Over the past few years B2B distributors have learned from successful B2C companies and embraced online sales. Today, distributors must do so again and further update their e-commerce platforms. AI-driven personalization will help distributors sell more across all their online sales channels.

Distributors can examine profitable B2C companies and pick up on the strategies that have proven effective in an AI-era. Amazon did not succeed at random. Rather, it grew because of its superior tactics, tactics premised on one big idea: personalization drives revenue online. AI gives customers more personalized shopping experiences. And, more personalized shopping experiences lead to more sales.

E-commerce websites usually have three different pages: home, product and checkout. Personalized AI can amplify sales as a customer moves through each of these pages. Here is how.

Home Page

This is the first thing customers see on a website. Traditionally, this page includes information about the distributor and a search bar to look for products. This puts the burden on customers to act. Instead of being offered products, customers must instead seek them out.

Smart e-commerce sites take this burden from customers and actively offer customers interesting products. An AI-powered homepage could use data to offer customers goods they will want and offer an option to reorder previously purchased products. It could also pitch customers on “new products” or “featured products” that data suggest they are likely to buy.

Product Page

After customers click on a product, they move to the product page.

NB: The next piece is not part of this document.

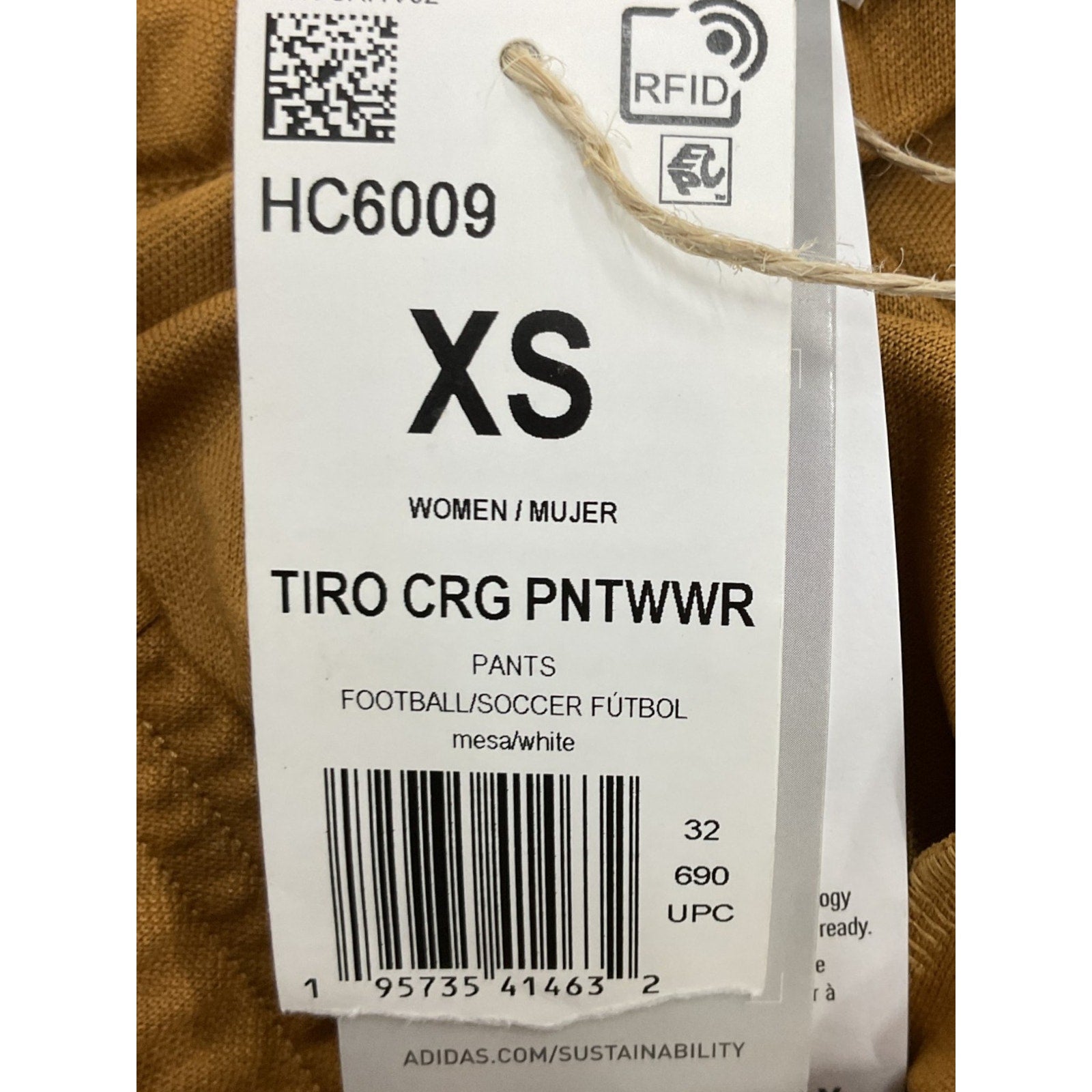 Pans XS (adidas)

Good product pages not only help customers buy exactly what they want, but they also encourage them to purchase complementary items with suggestions like “similar items,” “customers also bought,” “customers also viewed” and “recently viewed.”

For example, if someone is buying hot dogs online, an AI-powered website might show the customer other sausage brands (similar items), hot dog buns (customers also bought), and ketchup and mustard (customers also viewed).

Once a customer is contemplating a purchase, AI not only encourages cross-selling and up-selling, it also creates the opportunity for related, additional sales!

Checkout Page

AI checkout pages should abide by the same principles: make sure customers got what they came for and sell them on something extra, if possible. A good checkout page entices customers to buy more by offering new products,the ability to re-order previously purchased products, or buy products that were viewed earlier, but didn’t get added to their shopping cart.

Checkout pages can also feature a “complete the cart” option. If an AI program recognizes that peanut butter and jelly are often purchased together, it will offer a customer who already has peanut butter a chance to buy jelly.

AI in Action

I understand that people don’t want to hear more about Amazon. We already talk a lot about the world’s top Internet retailer. But there’s a reason for that. Amazon has a business strategy that works. That’s why we’re talking about Amazon and not the nameless competitors that it squashed.

Amazon implements all the practices described above to personalize the shopping experience and to sell more. Its many profitable features and categories (“buy it again,” “customers also bought,” “recommended for you,” etc.) all use AI in the same way; they analyze data and expose customers to items they are most likely to buy.

These practices and tools aren’t hypothetical. They are already working and working extremely well – Amazon’s AI recommendation engine drives 35% of the company e-commerce revenue with this strategic use of AI. So why not go and make AI work for you?